Sa foi en l’ONU en est une autre. « Si on ne l’avait pas, il faudrait l’inventer. Je crois encore à sa mission. C’est le seul forum universel », dit-elle, en concédant qu’il n’est pas non plus parfait.

Une jeune génération impressionnante

Lorsqu’on demande à Louise Arbour quelles sont les personnalités juridiques qui l’ont le plus impressionnée au cours de sa carrière, elle répond: « les jeunes avocats ».

« Je sais que cela va vous surprendre… Mais cette génération m'impressionne. Ils savent plein de choses que je ne sais pas, ils ont des outils de travail avec lesquels je ne suis pas du tout familière. Je les trouve tellement bons! », dit-elle, enthousiaste.

Louise Arbour avoue aussi sa grande admiration pour la juge en chef de la Cour suprême, Beverly McLachlin, qui va bientôt tirer sa révérence.

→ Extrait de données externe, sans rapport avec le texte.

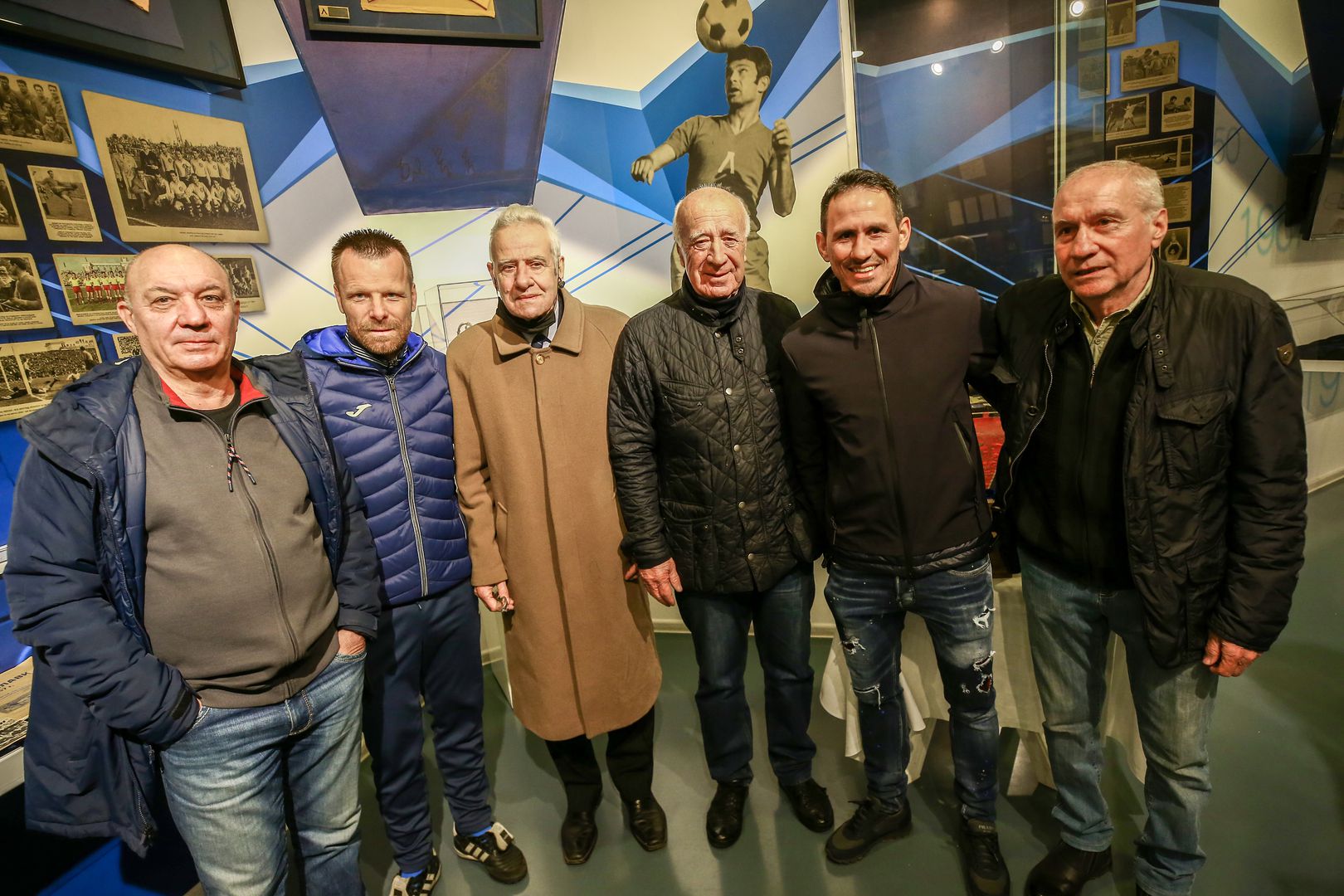 Славни капитани на Левски награждават сини юноши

Quant à ceux qui changeront les choses, notamment au niveau politique, Louise Arbour leur confère une énorme responsabilité. « La situation actuelle demande aux dirigeants politiques de prendre des décisions et de ne pas toujours attendre d'être porté par l'opinion publique. C'est ça, le principe du leadership! »

Louise Arbour, née en 1947 à Montréal, est membre du Barreau du Québec depuis 1971 et du Barreau de l'Ontario depuis 1977. Elle a siégé à la Cour suprême du Canada de 1999 à 2004, à la Cour d'appel de l'Ontario et à la Cour suprême de l'Ontario. Elle a été procureure générale pour les Tribunaux pénaux internationaux pour l'ex-Yougoslavie et le Rwanda de 1996 à 1999, membre de la Cour suprême de l'Ontario (Haute Cour de Justice) de 1987 à 1990 et membre de la Cour d'appel de l'Ontario de 1990 à 1999 (absence autorisée de 1996 à 1999). De 2004 à 2008, elle a été haut-commissaire des Nations Unies aux droits de l'homme. Diplômée en droit de l'Université de Montréal en 1970, elle a reçu aussi un Docteur honoris causa de 40 universités du Canada et de l'étranger. À la fin de son mandat aux Nations Unies, elle retournera exercer au cabinet BLG.